Your task —
As the answer, give exactly the lines of the records below from the one with "Toyota PRIUS 2022-07 322492-6" through the one with "3 bedroom flat to rent - Photo 1", ends included and pictures left out.

Source information —
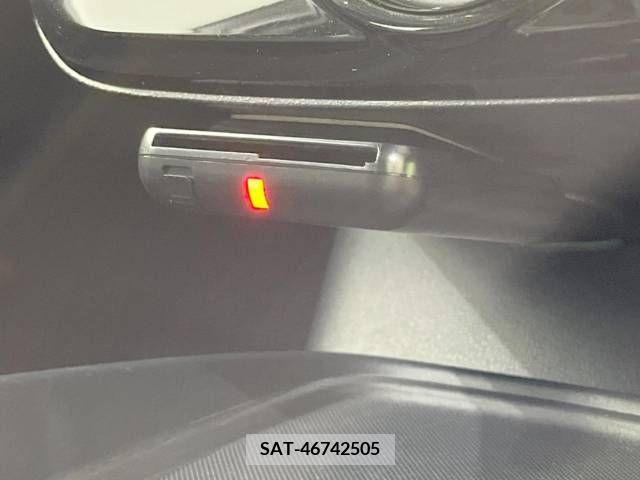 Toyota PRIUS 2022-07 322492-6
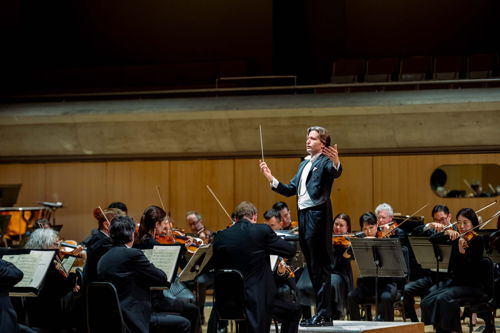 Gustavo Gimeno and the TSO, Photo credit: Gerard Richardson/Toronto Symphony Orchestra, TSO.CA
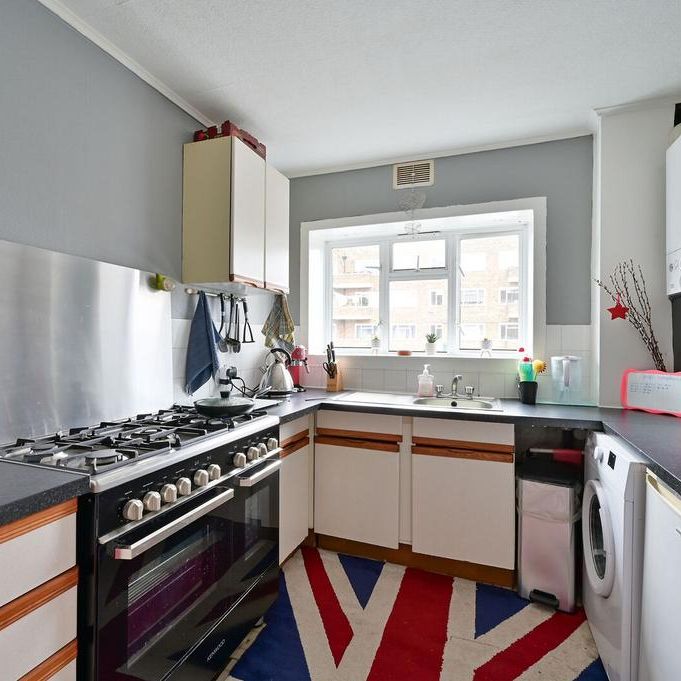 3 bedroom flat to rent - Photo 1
---
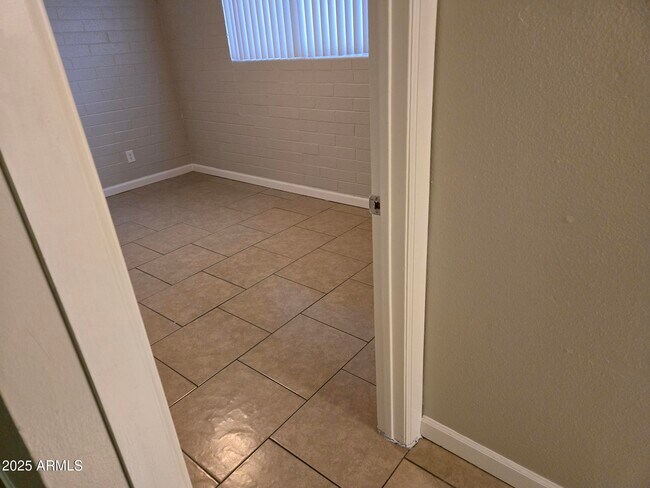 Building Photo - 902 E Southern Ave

Your response —
 Toyota PRIUS 2022-07 322492-6
 Gustavo Gimeno and the TSO, Photo credit: Gerard Richardson/Toronto Symphony Orchestra, TSO.CA
 3 bedroom flat to rent - Photo 1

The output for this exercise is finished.